C’est un autre coup dur qui frappe de plein fouet, la Minusca, la mission de l’Onu en Centrafrique. Après le scandale des viols sur mineurs par des casques bleus, une autre affaire embarrasse au plus haut point les responsables de la mission. Selon une enquête réalisée par le Réseau d’information régional des Nations Unies (Irin), les Nations Unies auraient versé, depuis le déploiement de la Minusca en 2014, plus d’un million de dollars à une société qui figure sur leur propre liste d’entités faisant l’objet de sanctions.

Le Bureau d’achat de diamant en Centrafrique (BADICA), placé sur la liste récapitulative des sanctions du Conseil de sécurité des Nations Unies pour son rôle dans le trafic de diamants en République centrafricaine est accusée d’avoir alimenté le conflit en République centrafricaine par la vente de « diamants de la guerre ». La société Badica est en effet soupçonnée d’avoir contribué en partie au financement de l’ex Séléka, le groupe rebelle qui avait renversé l’ex président François Bozizé en mars 2013.  Or, le Département des opérations de maintien de la paix des Nations Unies a confirmé à l’IRIN l’existence d’un contrat de crédit-bail avec cette société pour des locaux situés dans la capitale, Bangui.

Dan-Azoumi, le « Monsieur diamant » de la Centrafrique

BADICA fait partie du Groupe Abdoulkarim, une entreprise dont le siège est situé à Anvers – plateforme du monde diamantaire – et dirigée par l’homme d’affaires centrafricain Abdoulkarim Dan-Azoumi, originaire de Bouar dans l’ouest du pays et qui vit désormais en Belgique.
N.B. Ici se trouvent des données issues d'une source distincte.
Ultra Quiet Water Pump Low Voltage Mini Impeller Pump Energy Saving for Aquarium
En février 2015, Le Monde Afrique avait révélé que les flux financiers liés à l’activité de diamantaire d’Abdoulkarim Dan-Azoumi avaient été placés sur un compte HSBC Private Bank à Genève. « Les gestionnaires de fortune de HSBC Private Bank n’avaient cure de l’opacité, de la corruption, et des trafics en cours sur le marché anarchique du diamant centrafricain. Et ils n’hésitaient pas non plus à se déplacer à Anvers pour courtiser ces nantis d’Afrique centrale, les inciter placer leurs revenus du diamant dans les coffres suisses et leur distiller des conseils d’exil fiscal » révélait l’article du Monde. Suite à la clôture du compte suisse en 2005, 500 000 dollars avaient été transférés vers une société écran basée au Panama.
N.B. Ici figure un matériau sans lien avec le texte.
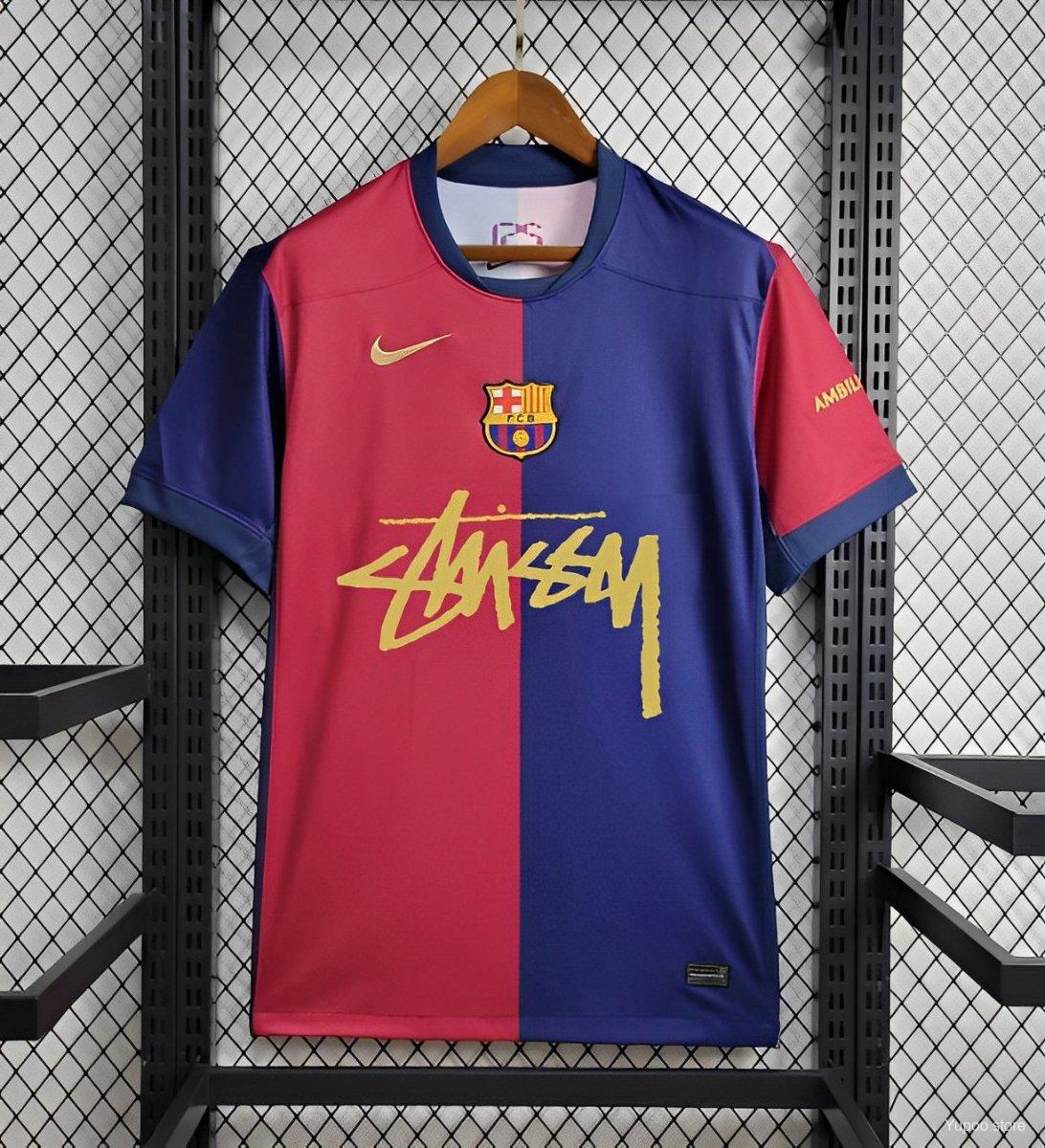 Camiseta Barcelona Stussy 24-25 Local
Autres entreprise à l’actif d’Abdoulkarim Dan-Azoumi, Minair, la société aérienne Minair dont les militaires français de la force Sangaris utilisent régulièrement les services, et Sofia-TP, une firme de transport, sont également répertoriées comme des « filiales » de BADICA sur la liste récapitulative des sanctions des Nations Unies. Or, selon l’enquête de l’IRIN, un contrat entre les Nations Unies et Sofia-TP pour des « services de transport et de fret » a également été conclu en 2014.